Wednesday, June 28, 2023

A Clockwork Orange




This glossary would be really helpful for you if you read this!


I was afraid to read it, and I skipped the movie when I was going through the AFI Top 100 (#46) because I wouldn't want to watch what is described in the book, but it is really well written, and it deserves to be on the 1000 Books list. I have this weird liking of dystopian novels. Cautionary tale maybe? This book truly is a "philosophical inquiry into good and evil." 
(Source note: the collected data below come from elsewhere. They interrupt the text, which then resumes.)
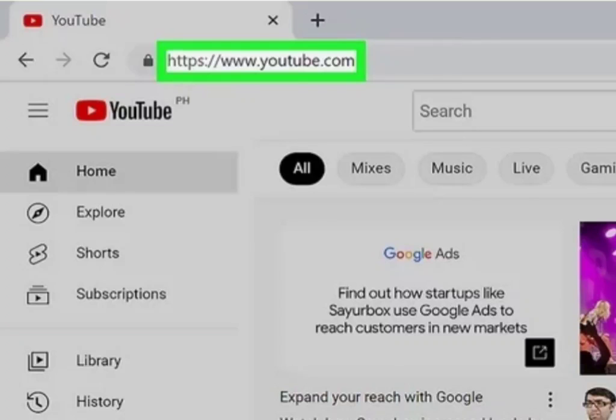Hey everyone, welcome back to the channel. Today I'm going to show you how to change age on YouTube on iPhone.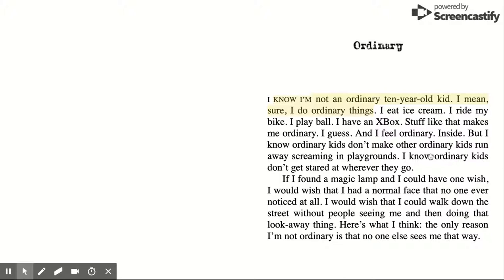These are the sorts of notes and information that a student can build up about their reading, which becomes a real learning journal of their reading for themselves and for teachers to have a look at. Also, in terms of accessibility, you still have access to all the enlarged text, dyslexic fonts, and a range of other accessibility features.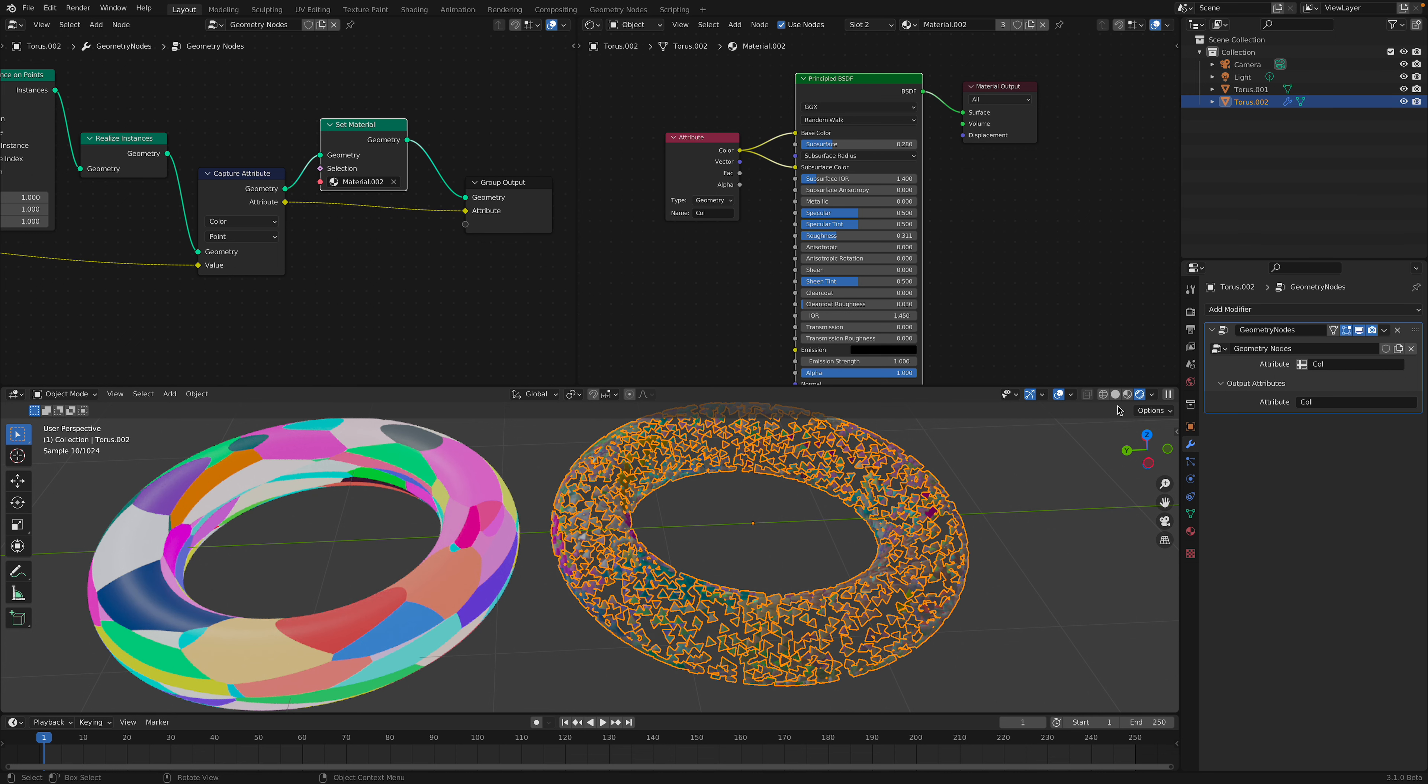So this is the original color, right? We can change this color into whatever, just randomize it. It's using Voronoi texture with RGB curve. So let's say we have this result now.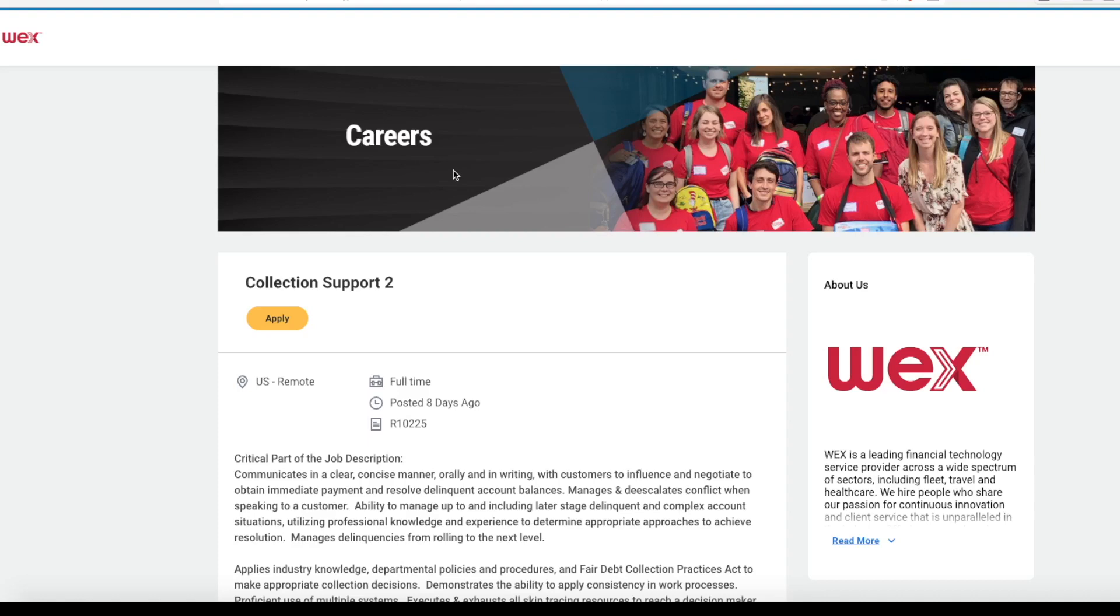They are hiring a collection support specialist. This is remote within the United States. We have had viewers of this channel get jobs with the company WEX before, so when I saw that they had a job opening, I wanted to share.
Here is why James Mustich thinks it should be one of the 1000 Books You Read Before You Die:

Alex, the frightening narrator of this brutal and brilliant novel, is an amoral, Beethoven-loving gang leader in a near-future dystopian Britain. Whether adolescent girls or a schoolteacher returning from the library, the gang’s victims are treated with an exuberantly vicious disregard: They might as well be faceless, inhuman targets for the random acts of violence, the gratuitous venom of Alex and his thugs (sex, unsurprisingly, is reduced to its mechanical coordinates: “the old in-out-in-out”). The linguistic bravura of the book and the unbound rebellion that is described do not hide for long the philosophical inquiry into good and evil at the core of A Clockwork Orange. Though it’s often compared to 1984 and Brave New World, Anthony Burgess’s book—in part a vision, both prescient and exaggerated, of the coming trauma of youth culture—has an extra layer of surreality and menace. Burgess is more interested in invoking questions than answering them, and he puts his considerable imaginative powers to work in the service of his inquisition. The result for the reader is a vivid tour of an unforgettable future—a journey that remains both intellectually invigorating and deeply unsettling.